Task item:
Search the records below for "from"; copy each line that has it.

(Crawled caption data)

====================

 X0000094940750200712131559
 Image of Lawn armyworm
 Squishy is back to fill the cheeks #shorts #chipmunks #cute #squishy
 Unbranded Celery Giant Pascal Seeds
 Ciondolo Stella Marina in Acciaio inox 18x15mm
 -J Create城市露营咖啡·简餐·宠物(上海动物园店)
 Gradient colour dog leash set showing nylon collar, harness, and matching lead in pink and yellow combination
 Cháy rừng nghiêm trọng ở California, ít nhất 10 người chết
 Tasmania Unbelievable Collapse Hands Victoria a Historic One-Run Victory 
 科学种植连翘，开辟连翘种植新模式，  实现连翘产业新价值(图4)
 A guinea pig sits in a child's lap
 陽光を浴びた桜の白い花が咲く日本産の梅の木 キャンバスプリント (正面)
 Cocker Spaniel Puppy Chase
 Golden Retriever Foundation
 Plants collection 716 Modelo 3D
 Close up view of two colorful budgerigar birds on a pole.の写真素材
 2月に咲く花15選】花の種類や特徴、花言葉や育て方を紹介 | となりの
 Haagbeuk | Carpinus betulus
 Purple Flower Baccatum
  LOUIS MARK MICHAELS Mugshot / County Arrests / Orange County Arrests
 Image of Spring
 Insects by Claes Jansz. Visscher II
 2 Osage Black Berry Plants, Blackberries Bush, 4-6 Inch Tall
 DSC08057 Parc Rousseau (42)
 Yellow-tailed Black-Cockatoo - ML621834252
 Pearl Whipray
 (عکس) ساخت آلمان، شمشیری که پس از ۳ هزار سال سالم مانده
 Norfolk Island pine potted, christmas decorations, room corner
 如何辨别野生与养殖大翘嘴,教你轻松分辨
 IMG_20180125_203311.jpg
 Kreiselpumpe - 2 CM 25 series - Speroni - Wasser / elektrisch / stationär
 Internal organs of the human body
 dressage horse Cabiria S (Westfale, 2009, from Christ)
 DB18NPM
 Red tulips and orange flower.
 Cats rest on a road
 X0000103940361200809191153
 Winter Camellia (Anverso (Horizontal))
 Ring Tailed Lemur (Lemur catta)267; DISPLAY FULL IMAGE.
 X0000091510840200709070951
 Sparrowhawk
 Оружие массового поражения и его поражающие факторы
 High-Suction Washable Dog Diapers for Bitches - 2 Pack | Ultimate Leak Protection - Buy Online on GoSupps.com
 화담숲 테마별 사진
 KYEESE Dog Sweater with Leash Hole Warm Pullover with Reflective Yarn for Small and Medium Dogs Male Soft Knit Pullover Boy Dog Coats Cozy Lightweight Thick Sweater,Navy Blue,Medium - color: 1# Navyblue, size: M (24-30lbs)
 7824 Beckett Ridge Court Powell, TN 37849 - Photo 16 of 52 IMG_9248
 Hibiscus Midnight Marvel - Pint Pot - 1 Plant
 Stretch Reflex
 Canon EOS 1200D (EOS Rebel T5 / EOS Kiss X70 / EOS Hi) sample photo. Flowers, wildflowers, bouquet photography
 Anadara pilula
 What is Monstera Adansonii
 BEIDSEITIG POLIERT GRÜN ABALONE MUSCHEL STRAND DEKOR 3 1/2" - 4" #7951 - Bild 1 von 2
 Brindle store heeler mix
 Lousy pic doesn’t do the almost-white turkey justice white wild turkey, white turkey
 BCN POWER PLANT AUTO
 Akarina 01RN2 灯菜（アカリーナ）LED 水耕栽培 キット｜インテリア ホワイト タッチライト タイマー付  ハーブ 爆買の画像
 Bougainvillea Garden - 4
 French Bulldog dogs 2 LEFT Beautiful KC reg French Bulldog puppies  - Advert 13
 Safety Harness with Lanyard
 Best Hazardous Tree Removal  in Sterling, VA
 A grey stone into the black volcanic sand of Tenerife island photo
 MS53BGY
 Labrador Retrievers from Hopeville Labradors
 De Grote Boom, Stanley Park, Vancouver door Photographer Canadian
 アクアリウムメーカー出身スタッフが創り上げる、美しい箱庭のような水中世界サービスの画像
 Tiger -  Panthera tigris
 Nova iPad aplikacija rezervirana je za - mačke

====================

Solution to this task:
 dressage horse Cabiria S (Westfale, 2009, from Christ)
 Labrador Retrievers from Hopeville Labradors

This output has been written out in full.